Police have also said they found packaging for the saw in McDaniel’s apartment when they served a search warrant there in the early days of the probe. They said the packaging for that brand and model of saw was found in McDaniel’s apartment, as were a master key to the complex and a key to Giddings’ residence.

McDaniel is being held at the Bibb County jail, where he has been detained since July 1 when he was arrested on a pair of unrelated burglary charges.

Waiting for lab results

As of Thursday, authorities trying to piece together the circumstances surrounding Giddings’ slaying hadn’t received any additional lab results from the FBI, said a law enforcement source close to the investigation.
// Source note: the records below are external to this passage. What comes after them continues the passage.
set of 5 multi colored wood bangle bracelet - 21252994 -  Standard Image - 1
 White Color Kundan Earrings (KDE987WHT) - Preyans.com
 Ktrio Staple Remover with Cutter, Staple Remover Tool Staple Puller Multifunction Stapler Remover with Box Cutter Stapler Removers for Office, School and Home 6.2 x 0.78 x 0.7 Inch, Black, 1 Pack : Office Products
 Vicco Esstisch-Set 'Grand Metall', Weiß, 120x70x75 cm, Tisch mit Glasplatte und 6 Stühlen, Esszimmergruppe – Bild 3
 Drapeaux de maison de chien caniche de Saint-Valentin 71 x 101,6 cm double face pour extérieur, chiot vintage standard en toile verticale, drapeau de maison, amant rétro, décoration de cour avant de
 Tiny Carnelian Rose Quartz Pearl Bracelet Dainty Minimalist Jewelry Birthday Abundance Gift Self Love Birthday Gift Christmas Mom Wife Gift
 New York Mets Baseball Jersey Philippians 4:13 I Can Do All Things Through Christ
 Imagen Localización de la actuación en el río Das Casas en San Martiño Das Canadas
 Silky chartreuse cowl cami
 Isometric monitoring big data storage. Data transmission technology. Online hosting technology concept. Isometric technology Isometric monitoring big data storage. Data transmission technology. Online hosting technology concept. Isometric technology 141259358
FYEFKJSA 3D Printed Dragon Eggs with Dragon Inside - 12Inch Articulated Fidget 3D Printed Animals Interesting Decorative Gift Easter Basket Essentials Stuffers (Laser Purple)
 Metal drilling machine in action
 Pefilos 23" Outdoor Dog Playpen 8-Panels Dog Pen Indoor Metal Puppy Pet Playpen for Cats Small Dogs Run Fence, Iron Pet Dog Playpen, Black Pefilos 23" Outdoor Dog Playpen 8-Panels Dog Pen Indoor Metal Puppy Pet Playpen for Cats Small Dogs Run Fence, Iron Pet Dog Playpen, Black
The FBI hasn’t returned any results since those that revealed the presence of Giddings’ blood on the hacksaw, the source said.

The FBI’s Quantico, Va., lab is testing more than 200 pieces of potential evidence collected by detectives.

While the GBI has completed the bulk of its examination of McDaniel’s computer, flash drives, cameras, memory cards and other electronics, official results haven’t arrived in Macon. Giddings’ computer also was submitted for testing.

On Aug. 23, McDaniel was also charged with seven counts of sexual exploitation of children after images of kids involved in sex acts were allegedly found on a flash drive that police seized from his apartment.

McDaniel is scheduled to appear in Bibb Magistrate Court on Friday for a commitment hearing related to the sexual-exploitation charges. At the hearing, a judge will hear testimony and determine whether there is enough evidence for a case against McDaniel to proceed.

A judge ruled during an Aug. 26 Magistrate Court hearing that enough evidence exists for the murder charge against McDaniel to go to a grand jury, a group that would then decide whether to indict McDaniel.